To be completely honest with you good people out there I vaguely remember Tarsem Singh’s ‘The Cell’ back in 2000 outside of recalling it being a very pretty movie and I also remember its star being even prettier. What I don’t remember is thinking that the movie was dying for a ten year old sequel. Of course that was a while ago and I might’ve been banging on pots and pans yelling for just this sort of thing, so with the recipe for a ‘Cell’ movie being 1-part hot Latin American woman, 1-part psychic powers and 1-part deranged serial killer, mix it all up… and a new ‘Cell’ movie is born.

Today’s hot Latin woman with psychic powers running down a serial killer is the amazingly slinky actress Tessie Santiago, as the character of Maya, assisting the FBI in search of the deranged serial killer ‘The Cusp’. They call him The Cusp because he kills his victims only to resuscitate them over and over again until he gets bored and then just forcibly removes their hearts. Asshole. Even though I do get the whole ‘cusp’ thing it is still the weakest movie name for a serial killer since they had the guy they called ‘The Laugh’ in the movie ‘Amusement’. Anyway, Maya and her FBI homies were this close to catching this clown until he sensed Maya’s presence then escalated the whole heart removal process and ran off like a sissy, taunting poor Maya along the way.

A year later The Cusp has returned to some small Podunk town and snatched another victim after we view this woman gratuitously was having sex with her boyfriend. You would think that this ‘boyfriend’ of hers after receiving this gift would at least walk the girl out to her car on this cold snowy night… but no, he apparently had to take a nap. Asshole. The FBI wants Maya back on the case, Maya isn’t up to it but they drag her back into the game. The girl taken was niece of local Sheriff Harris, played by Chris Bruno who I think was wearing the exact same Sheriff’s uniform he used to sport in that ‘Dead Zone’ TV series. Saved a few bucks on wardrobe with that move.
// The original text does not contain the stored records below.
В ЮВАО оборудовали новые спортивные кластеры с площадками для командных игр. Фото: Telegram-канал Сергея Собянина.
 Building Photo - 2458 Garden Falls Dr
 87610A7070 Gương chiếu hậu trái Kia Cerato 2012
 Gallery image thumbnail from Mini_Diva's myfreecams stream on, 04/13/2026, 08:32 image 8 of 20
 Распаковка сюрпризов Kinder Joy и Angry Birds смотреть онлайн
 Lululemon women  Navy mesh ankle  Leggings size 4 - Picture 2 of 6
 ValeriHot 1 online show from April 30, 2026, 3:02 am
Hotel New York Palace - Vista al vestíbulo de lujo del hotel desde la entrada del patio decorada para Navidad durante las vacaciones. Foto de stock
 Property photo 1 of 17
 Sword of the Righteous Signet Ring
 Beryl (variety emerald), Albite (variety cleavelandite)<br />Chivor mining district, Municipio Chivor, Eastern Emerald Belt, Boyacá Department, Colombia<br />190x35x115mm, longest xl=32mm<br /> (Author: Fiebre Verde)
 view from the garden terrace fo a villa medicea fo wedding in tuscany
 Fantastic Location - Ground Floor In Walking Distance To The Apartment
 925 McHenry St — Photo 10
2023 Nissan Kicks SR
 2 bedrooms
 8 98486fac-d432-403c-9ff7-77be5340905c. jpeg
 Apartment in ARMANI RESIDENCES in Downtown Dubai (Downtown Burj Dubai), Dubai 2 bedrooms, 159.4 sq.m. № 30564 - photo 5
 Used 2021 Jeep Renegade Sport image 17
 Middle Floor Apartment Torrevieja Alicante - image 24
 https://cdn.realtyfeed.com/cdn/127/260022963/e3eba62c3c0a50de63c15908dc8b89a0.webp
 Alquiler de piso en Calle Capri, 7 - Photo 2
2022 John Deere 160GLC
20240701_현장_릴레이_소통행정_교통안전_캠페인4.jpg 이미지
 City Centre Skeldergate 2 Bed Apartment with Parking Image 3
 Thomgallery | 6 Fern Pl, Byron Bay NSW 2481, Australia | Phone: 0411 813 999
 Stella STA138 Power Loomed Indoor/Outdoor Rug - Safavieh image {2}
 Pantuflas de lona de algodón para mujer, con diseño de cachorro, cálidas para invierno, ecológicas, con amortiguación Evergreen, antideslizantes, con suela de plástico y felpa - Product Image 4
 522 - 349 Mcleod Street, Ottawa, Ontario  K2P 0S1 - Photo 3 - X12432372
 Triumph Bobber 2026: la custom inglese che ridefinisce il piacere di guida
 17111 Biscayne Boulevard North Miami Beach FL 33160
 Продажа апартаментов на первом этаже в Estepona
So our slinky psychic and the grizzled cop must team up to save his niece from this jerk of a serial killer, a serial killer Maya knows quite well since she was his first victim and is the reason she has these wacky psychic powers in the first place. The question is ‘Why can’t Maya see this killer’s face?’ Why indeed. This will all lead to some plot twist and some plot turns and a surprise of an ending. At least in theory.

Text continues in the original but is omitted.